** TASK DESCRIPTION **
In the records below, find the line with "man looking at", then retype it and every following line exactly, stopping after the line with "Protestors waving Zakir". Leave the pictures out.

** DATA PROVIDED **
------------------------------------------------------------
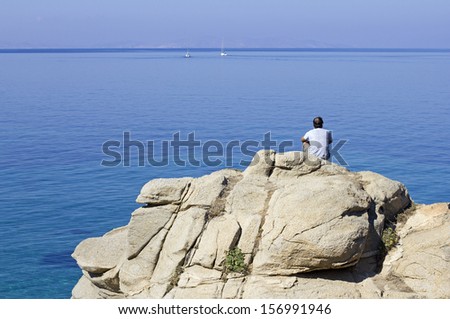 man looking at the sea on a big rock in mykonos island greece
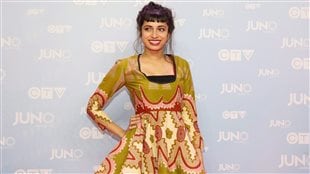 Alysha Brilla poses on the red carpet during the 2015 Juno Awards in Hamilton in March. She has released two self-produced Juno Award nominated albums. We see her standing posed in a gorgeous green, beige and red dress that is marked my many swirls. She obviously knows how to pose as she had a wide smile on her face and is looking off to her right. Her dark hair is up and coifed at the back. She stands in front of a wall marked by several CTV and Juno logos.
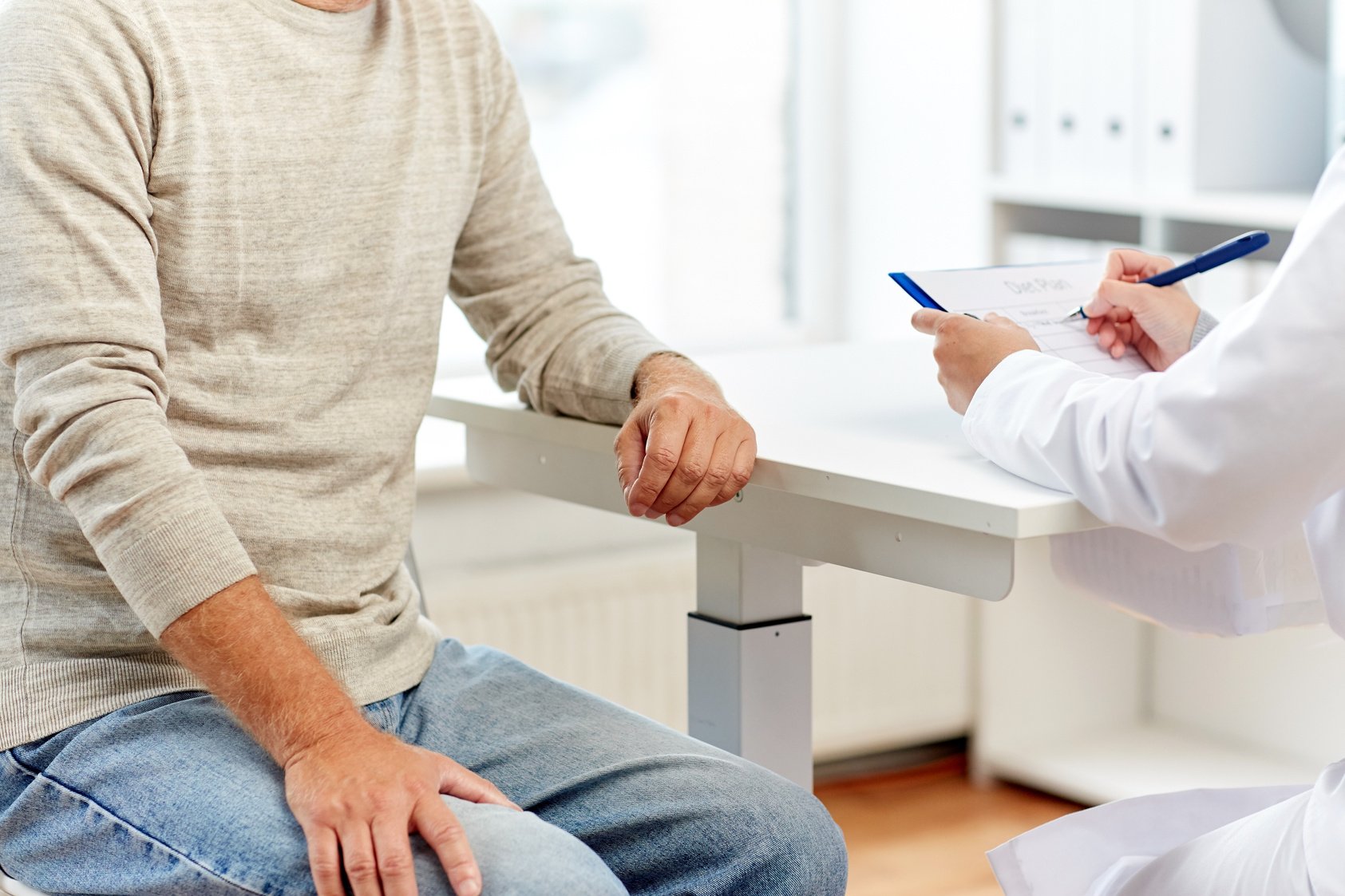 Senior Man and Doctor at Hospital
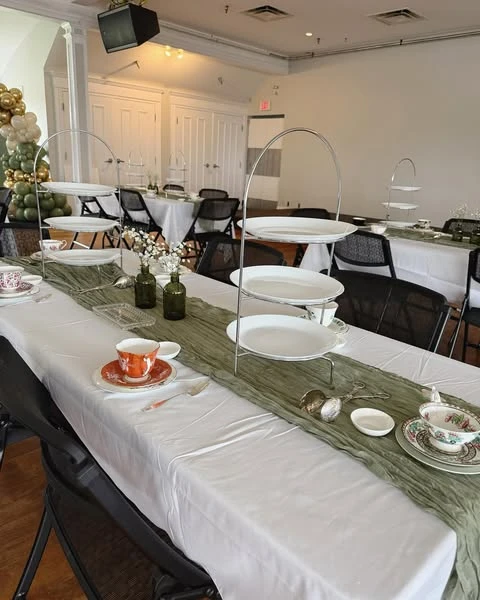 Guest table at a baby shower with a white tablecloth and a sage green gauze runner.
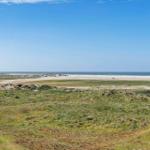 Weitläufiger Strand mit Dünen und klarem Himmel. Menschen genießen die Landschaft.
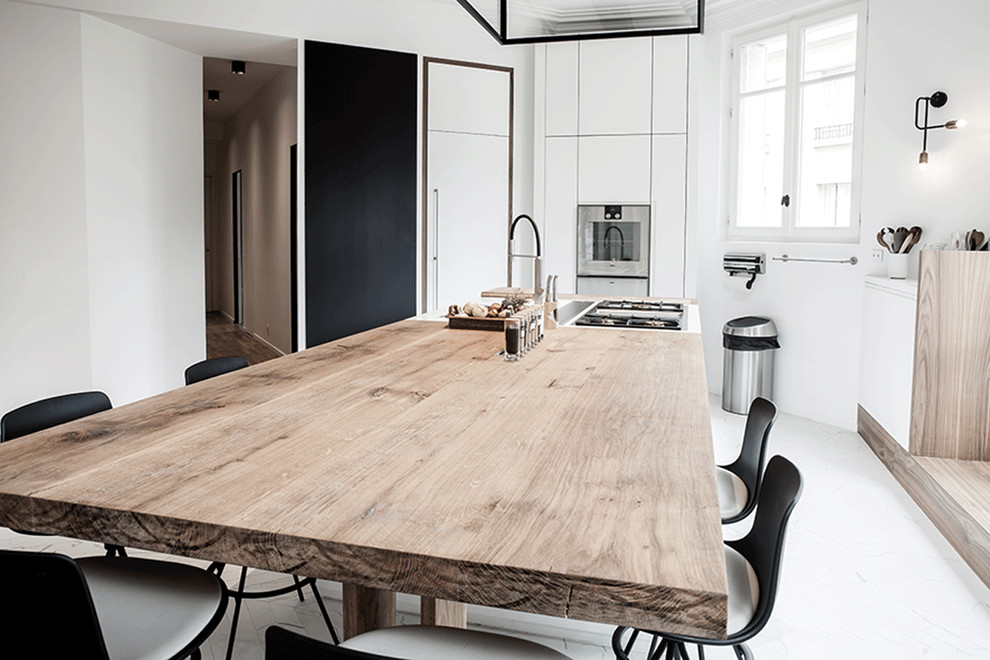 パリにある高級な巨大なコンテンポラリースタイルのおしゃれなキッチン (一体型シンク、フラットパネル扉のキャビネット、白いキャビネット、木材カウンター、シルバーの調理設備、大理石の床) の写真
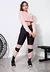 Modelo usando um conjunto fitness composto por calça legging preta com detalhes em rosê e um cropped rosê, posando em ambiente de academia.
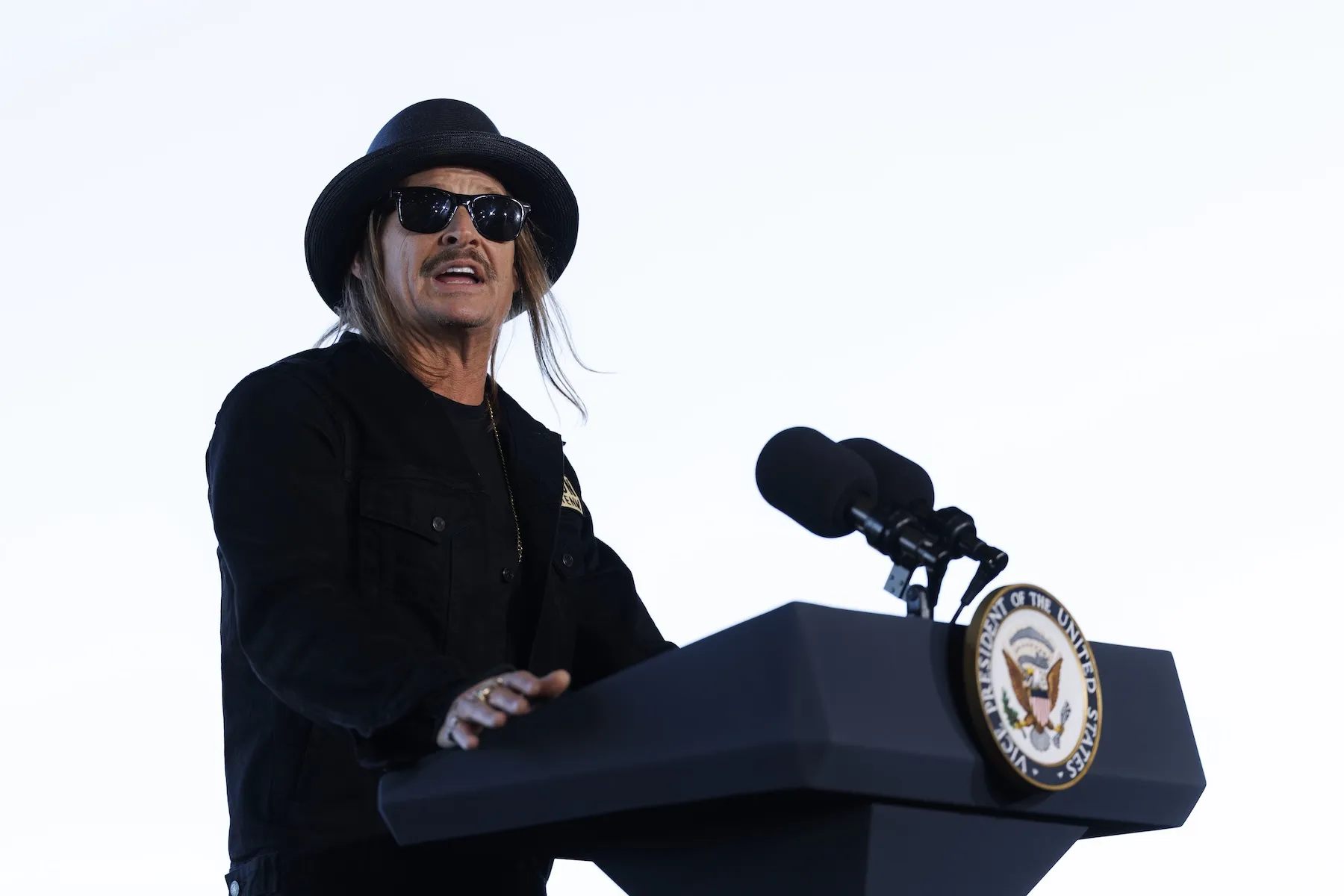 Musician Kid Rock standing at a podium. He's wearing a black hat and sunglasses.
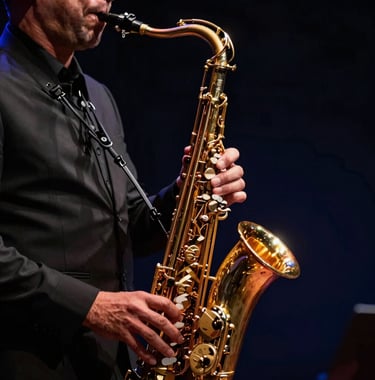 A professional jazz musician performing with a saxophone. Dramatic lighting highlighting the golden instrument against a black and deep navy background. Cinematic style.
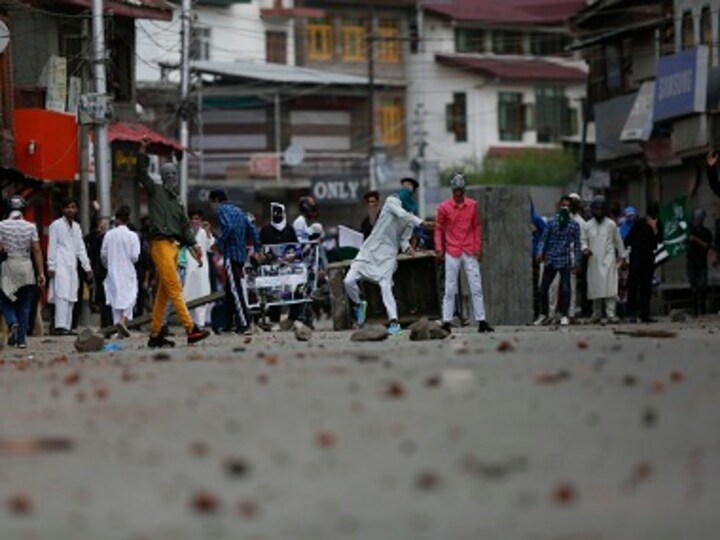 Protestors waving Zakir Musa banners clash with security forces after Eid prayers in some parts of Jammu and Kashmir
------------------------------------------------------------
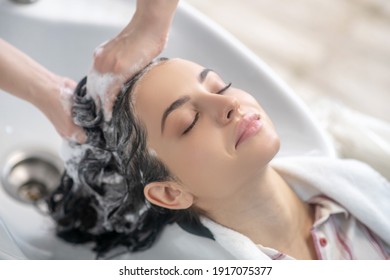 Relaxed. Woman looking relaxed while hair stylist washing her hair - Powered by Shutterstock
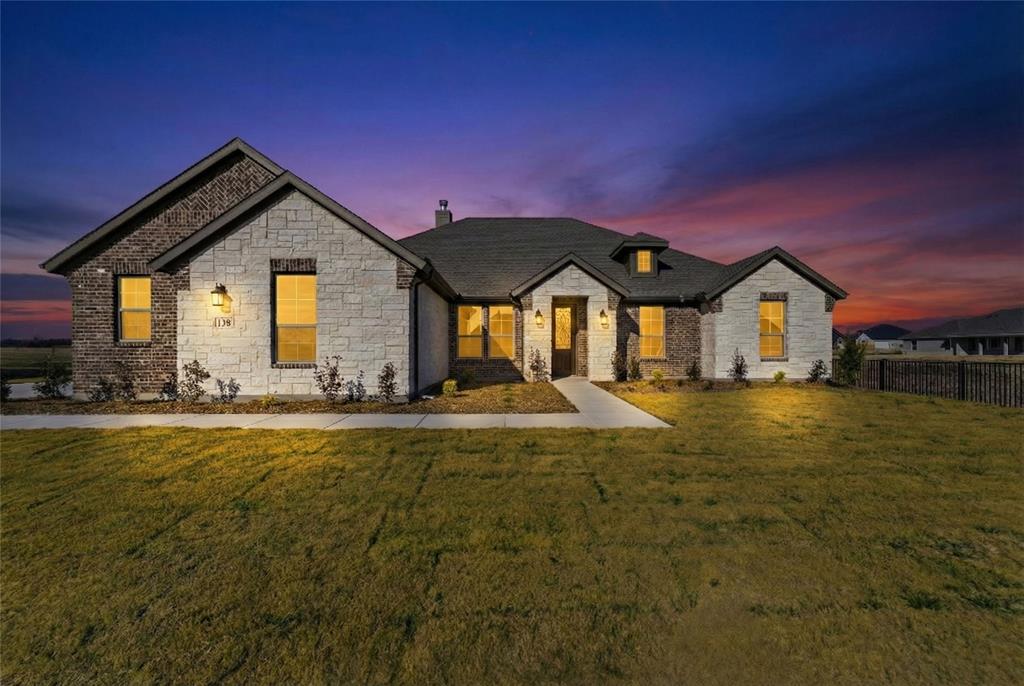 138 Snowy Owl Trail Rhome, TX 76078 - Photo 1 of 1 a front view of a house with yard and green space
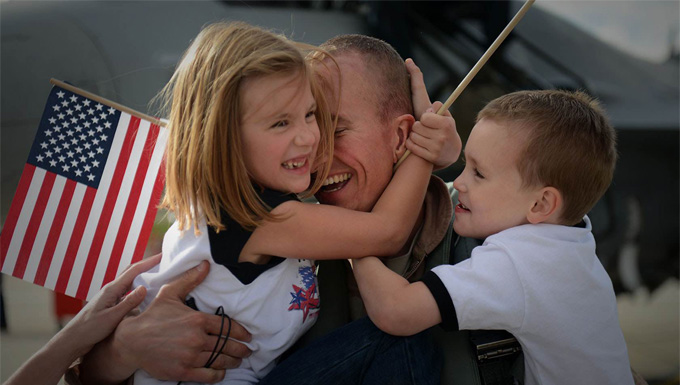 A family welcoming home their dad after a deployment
------------------------------------------------------------
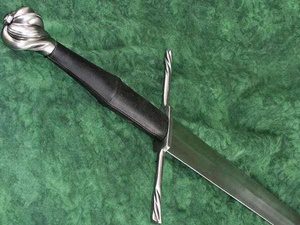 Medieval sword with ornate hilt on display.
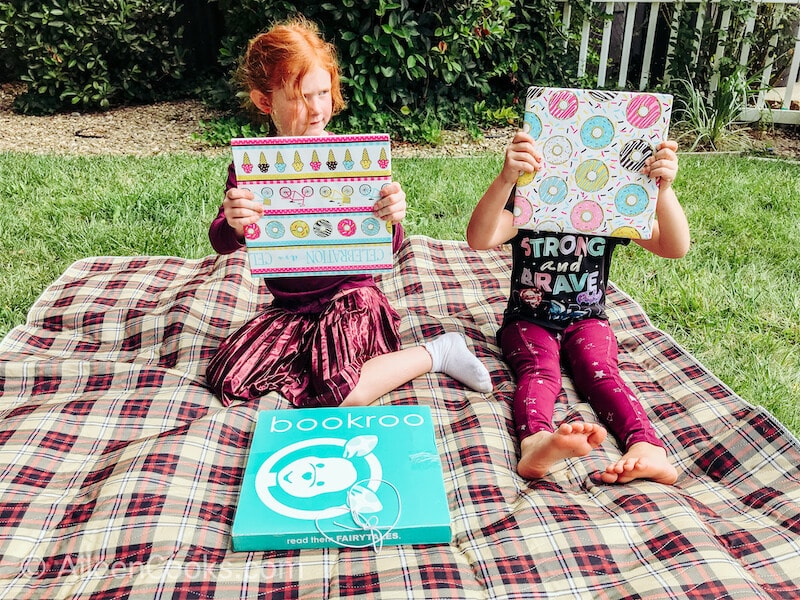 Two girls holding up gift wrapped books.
------------------------------------------------------------
** OUTPUT FOR THIS TASK **
 man looking at the sea on a big rock in mykonos island greece
 Alysha Brilla poses on the red carpet during the 2015 Juno Awards in Hamilton in March. She has released two self-produced Juno Award nominated albums. We see her standing posed in a gorgeous green, beige and red dress that is marked my many swirls. She obviously knows how to pose as she had a wide smile on her face and is looking off to her right. Her dark hair is up and coifed at the back. She stands in front of a wall marked by several CTV and Juno logos.
 Senior Man and Doctor at Hospital
 Guest table at a baby shower with a white tablecloth and a sage green gauze runner.
 Weitläufiger Strand mit Dünen und klarem Himmel. Menschen genießen die Landschaft.
 パリにある高級な巨大なコンテンポラリースタイルのおしゃれなキッチン (一体型シンク、フラットパネル扉のキャビネット、白いキャビネット、木材カウンター、シルバーの調理設備、大理石の床) の写真
 Modelo usando um conjunto fitness composto por calça legging preta com detalhes em rosê e um cropped rosê, posando em ambiente de academia.
 Musician Kid Rock standing at a podium. He's wearing a black hat and sunglasses.
 A professional jazz musician performing with a saxophone. Dramatic lighting highlighting the golden instrument against a black and deep navy background. Cinematic style.
 Protestors waving Zakir Musa banners clash with security forces after Eid prayers in some parts of Jammu and Kashmir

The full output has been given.